Data items
———

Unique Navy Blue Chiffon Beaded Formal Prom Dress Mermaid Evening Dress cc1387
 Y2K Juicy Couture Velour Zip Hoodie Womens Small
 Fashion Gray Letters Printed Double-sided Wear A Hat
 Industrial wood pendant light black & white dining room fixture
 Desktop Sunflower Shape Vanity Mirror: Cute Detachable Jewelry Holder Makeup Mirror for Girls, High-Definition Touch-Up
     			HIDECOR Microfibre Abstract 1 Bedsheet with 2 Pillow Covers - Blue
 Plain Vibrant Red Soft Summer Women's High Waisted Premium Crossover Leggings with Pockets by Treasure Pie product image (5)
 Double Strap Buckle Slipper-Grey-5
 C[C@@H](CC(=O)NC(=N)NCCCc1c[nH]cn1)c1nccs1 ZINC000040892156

———

If a line of the entries above holds "with", count it, then report the total alone.

2